As the day progresses, teams move around the state, ticking off birds on the checklist – open fields, forests, pastureland – good teams visit as many different habitats as possible. As the sun crosses high overhead, birds are quieting down and getting harder to find. Then, shorebirds become the target; they don’t mind the noonday sun.
While birds are still around later in the day, it gets harder to find new species as day turns to dusk. The second night is an opportunity to find birds missed the first night – but by then, competitors may be sleepy, or confused, or even mildly hallucinating from fatigue and lack of rest.
One question I’m often asked is, “How do you prove what you saw?” First, at least two team members must see every bird. Second, teams operate on the honor system. The birding hobby is a tightly-knit community, and it would be fairly obvious to everyone if a team was cheating. In that case, the offending team’s score would be challenged, meaning they would be disqualified. It would be an utter disgrace, and it has never happened.

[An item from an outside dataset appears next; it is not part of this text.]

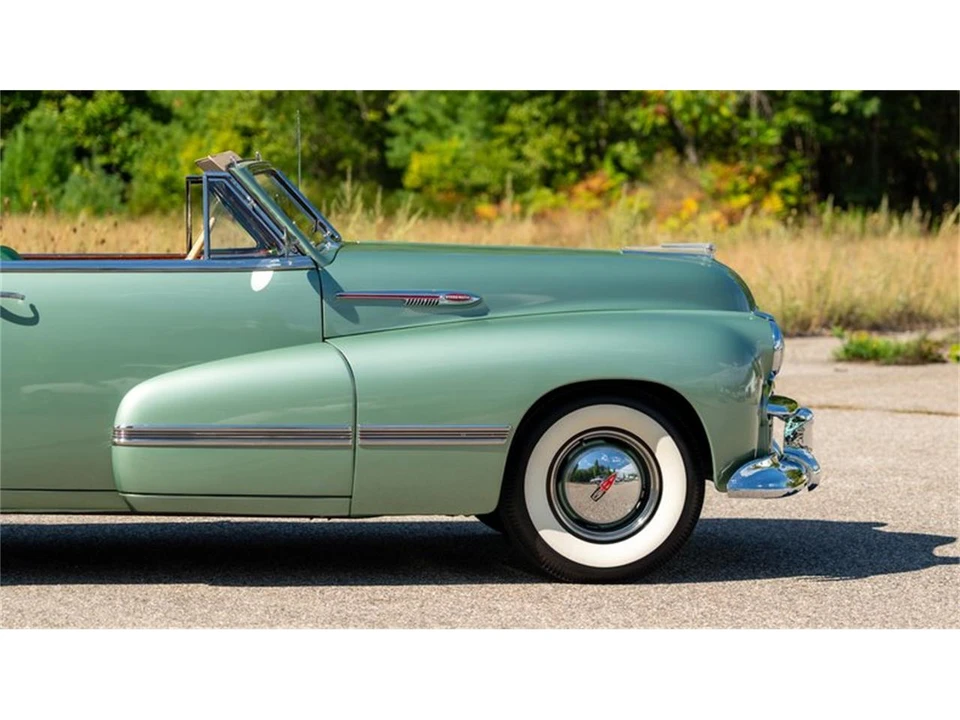 1942 Oldsmobile Custom Cruiser - Image 20 of 31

It’s fun, challenging, frustrating, infuriating – and highly addictive. And it’s so unusual that it was featured in a special report by a young Steve Carell on The Daily Show back in 2000. Watch here (will open in a new window):
Our WSB Experience
John and I began participating in the WSB in 1998, fielding our own Level 2 (non-competing) team to raise money for our local Audubon chapter. Being new to the hobby then, our results that first year were dismal – we had lots of enthusiasm but little skill or strategy. Undaunted, we participated every year. We got a little better each time, and we raised a little more money every year.
In 2004 we started fresh with our best birding friends, and re-branded ourselves with a clever new name: Cheep Trills. Everyone in this new group was as competitive as we were, and we raised enough money to start a scholarship fund for high-school students pursuing a college degree in wildlife conservation. We also decided to change divisions; rather than search the whole state, we would limit our search to our county only; more birding, less driving.

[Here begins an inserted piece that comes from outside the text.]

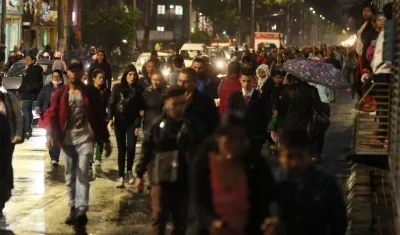 Manifestantes marchan con banderas y pancartas por las principales calles de la capital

Our new team was very enthusiastic – and very competitive. We waded in wetlands imitating marsh birds, trying to get them to call. We scampered over railroad bridges to see shorebirds; drove on dikes through wetland impoundments, and trespassed (more than once) in search of just.one.more.bird. We were pulled over by local police, state police, and even military police in a naval weapons arsenal! One of our team members, Mike, was smacked in the face by a split-rail fence slat; we dusted him off and told him to “shake it off” as we raced to the next bridge/pond/trail. Luckily, we avoided a trip to the emergency room.
Cheep Trills always started at midnight giddy with anticipation. Through the night we drove from place to place, cheek to cheek in a rental van, laughing and sharing anecdotes from past adventures. We traveled from habitat to habitat methodically ticking off grassland birds, shorebirds, wood-warblers, herons, sparrows, and waterfowl. John was the driver for all 24 hours, and I managed the navigation; another team member kept track of the checklist.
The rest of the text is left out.